Billie Joe and her family suffer through dust storms and poor crops, but as a family, until the terrible accident that causes her mother to die. Now, Billie Joe suffers with her identity and relationship with her father and has to make the ultimate decision: to stay or to leave?
The first thing that caught my eye is that this book is written with narrative poetry. We are inside the brain of Billie Joe and what she is thinking. I believe that Hesse decided to write this way because she mentions that Billie Joe keeps her mom’s book of poetry on the shelf for show. Billie Joe wants to be like her mom and keep her memory strong. It is a different perspective–kind of like the very stilted narration given by Death in The Book Thief.

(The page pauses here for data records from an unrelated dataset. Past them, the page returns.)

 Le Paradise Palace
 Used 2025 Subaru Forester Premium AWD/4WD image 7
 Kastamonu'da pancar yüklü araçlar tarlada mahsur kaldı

I like the theme of this book: comparing herself to different aspects of the farm. Billie Joe is like the wheat, her father like the sod, but they are both (and everyone else) the dust that envelops their lives during the 1930s. Hesse did a wonderful job of describing the hopelessness and the dust that mid-westerners had to deal with during the Dust Bowl. This would be a good, quick read if a history teacher wanted to use it for their Great Depression unit. Otherwise, I would suggest reading it with Roll of Thunder, Hear My Cry because there are many similar themes and motifs (and they are both during the same time period, albeit dealing with different issues). I don’t see why sixth graders AND seniors can’t enjoy this book!